To celebrate this major milestone, today Widmer Brothers Brewing announced the first three beers in the anticipated 30 Beers for 30 Years Series, the brewery’s most ambitious effort to date and one of the most elaborate series of beer releases from a brewery in the United States. The three releases – Altbier, Weizenbier, and Hefewiezen – were the first three beers that the brothers brewed, and each represents one of the first three years of Widmer Brothers’ existence: 1984, 1985, and 1986, respectively.
The three beers each hold a huge place in Widmer Brothers’ history. Altbier was the first beer brewed and sold by Widmer Brewing Company. While development of the beer began in 1984, Altbier wasn’t actually released to the public until 1985 after the brothers brewed and dumped the first twelve batches. It’s a testament to Kurt and Rob’s commitment to quality; they wanted the beer to be just right, a value that’s evident in every Widmer Brothers beer and one that has helped drive the brewery’s success since the beginning.

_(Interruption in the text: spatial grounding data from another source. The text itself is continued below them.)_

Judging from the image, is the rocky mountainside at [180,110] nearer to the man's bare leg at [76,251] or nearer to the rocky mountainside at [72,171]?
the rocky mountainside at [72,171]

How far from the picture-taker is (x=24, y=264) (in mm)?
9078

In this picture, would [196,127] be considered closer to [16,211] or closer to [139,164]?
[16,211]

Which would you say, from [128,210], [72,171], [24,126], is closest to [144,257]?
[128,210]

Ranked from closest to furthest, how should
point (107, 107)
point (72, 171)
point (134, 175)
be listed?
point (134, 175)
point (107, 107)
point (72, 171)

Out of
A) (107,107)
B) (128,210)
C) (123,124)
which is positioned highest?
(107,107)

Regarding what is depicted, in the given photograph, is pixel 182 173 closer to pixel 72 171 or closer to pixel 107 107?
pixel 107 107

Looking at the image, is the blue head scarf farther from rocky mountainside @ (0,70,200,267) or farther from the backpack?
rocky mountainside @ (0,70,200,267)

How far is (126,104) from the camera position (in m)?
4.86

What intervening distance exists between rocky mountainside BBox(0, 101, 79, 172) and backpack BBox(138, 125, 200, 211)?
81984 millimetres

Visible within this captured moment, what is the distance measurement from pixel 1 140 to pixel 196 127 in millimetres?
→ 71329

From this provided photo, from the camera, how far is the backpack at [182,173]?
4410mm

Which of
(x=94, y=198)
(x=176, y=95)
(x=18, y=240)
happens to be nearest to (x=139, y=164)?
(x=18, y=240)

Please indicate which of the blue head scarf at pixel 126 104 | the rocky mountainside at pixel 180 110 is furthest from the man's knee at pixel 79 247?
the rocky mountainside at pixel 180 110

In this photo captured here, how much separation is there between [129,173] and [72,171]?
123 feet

As Kurt and Rob recall, to the beer drinking public in the mid-80s, there were essentially two styles of beer: dark- and light-colored beers. At the time, Altbier was considered too bold, too hoppy and too dark by some, so Kurt and Rob decided that they needed a lighter beer to both satisfy consumer demand and help grow the brewery. With an eye toward their German heritage, in 1985, they decided to start brewing a filtered wheat beer, Weizenbier.
The two brothers sold Altbier and Weizenbier exclusively until 1986 when the late owner of The Dublin Pub, Carl Simpson, asked if they would brew a third beer. Since they had limited resources and space, the request put Kurt and Rob in a tough position. To meet the request, they improvised, took an innovative approach and decided to leave a portion of their Weizenbier unfiltered and sell it as a Hefeweizen. Thus The Original American Hefeweizen was born, creating a completely new beer style that would become the brewery’s flagship and reshape the craft beer landscape.. The rest is history.

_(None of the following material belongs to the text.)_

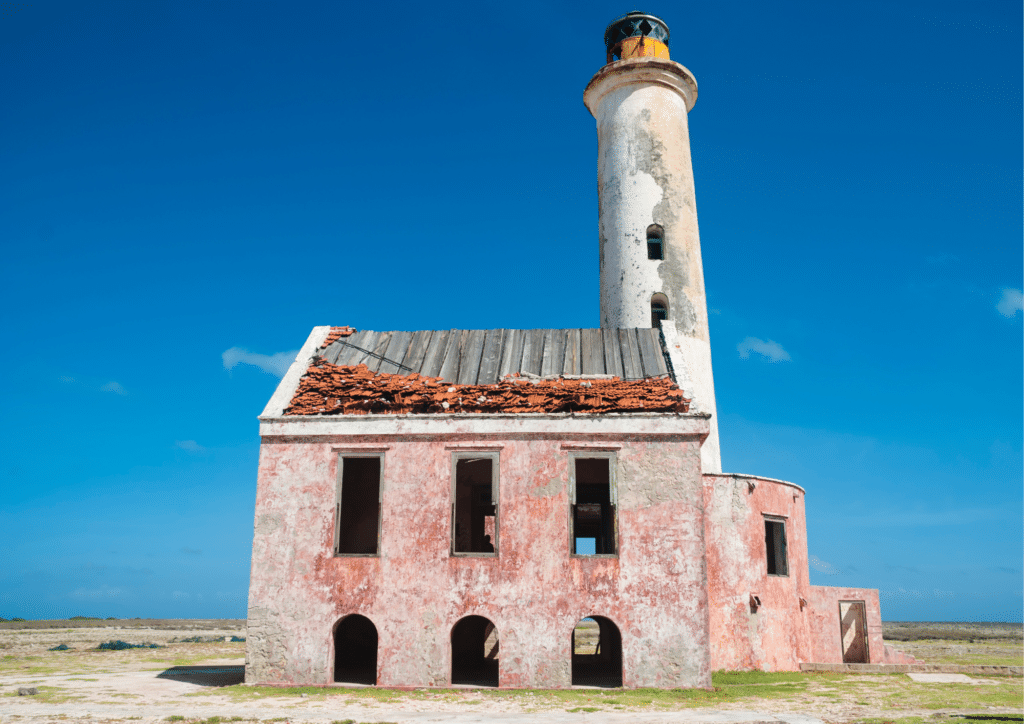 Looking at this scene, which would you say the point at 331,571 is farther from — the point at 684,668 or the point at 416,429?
the point at 684,668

“Looking back at these three releases puts our early days and growth of Widmer Brothers Brewing since then in perspective,” said Rob Widmer. “Like many young entrepreneurs, we were flying by the seat of our pants, and it’s truly surreal to revisit that time in our lives when Altbier, Weizenbier, and Hefeweizen were our only three offerings. I suppose it’s an understatement to say we’ve come a long way.”
Each re-release in the 30 Beers for 30 Years series is brewed in small batches to original specifications from archived recipes drawn up on notebook paper in the 80s. While Kurt and Rob were meticulous about keeping records, they didn’t necessarily take the most detailed notes.

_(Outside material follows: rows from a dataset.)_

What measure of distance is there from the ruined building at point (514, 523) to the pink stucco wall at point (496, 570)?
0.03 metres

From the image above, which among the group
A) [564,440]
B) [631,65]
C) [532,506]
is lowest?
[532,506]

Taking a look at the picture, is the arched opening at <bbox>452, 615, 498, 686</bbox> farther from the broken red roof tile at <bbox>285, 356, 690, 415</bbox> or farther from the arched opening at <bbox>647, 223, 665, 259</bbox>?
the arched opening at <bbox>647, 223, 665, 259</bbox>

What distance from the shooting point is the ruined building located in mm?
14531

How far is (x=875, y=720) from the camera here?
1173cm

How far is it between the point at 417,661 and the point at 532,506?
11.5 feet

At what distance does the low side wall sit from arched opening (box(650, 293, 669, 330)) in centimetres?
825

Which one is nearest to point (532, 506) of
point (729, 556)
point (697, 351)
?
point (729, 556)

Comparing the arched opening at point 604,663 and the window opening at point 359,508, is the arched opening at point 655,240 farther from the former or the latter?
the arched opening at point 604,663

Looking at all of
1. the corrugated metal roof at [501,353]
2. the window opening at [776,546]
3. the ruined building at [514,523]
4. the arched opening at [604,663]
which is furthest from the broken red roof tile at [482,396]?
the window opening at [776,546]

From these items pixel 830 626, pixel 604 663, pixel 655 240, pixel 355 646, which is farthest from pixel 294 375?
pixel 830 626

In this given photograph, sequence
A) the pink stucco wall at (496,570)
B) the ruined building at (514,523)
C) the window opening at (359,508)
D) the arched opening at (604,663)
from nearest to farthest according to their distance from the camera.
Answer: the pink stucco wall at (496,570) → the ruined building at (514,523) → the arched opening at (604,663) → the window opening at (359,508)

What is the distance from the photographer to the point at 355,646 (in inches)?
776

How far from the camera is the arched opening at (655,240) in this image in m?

“For these initial few releases, we were literally working from pieces of notebook paper, cross-referencing notes from various brews to figure out exactly how Kurt and Rob were brewing these beers 30 years ago,” said Ben Dobler, Widmer Brothers innovation brewer, who helped spearhead the series. “It’s a real challenge to replicate the recipes perfectly, especially when we consider the imperfections that likely made these beers great at the time. But we’re working hard to maintain the original character, intent and quality of these beers, which were extraordinary for their time.”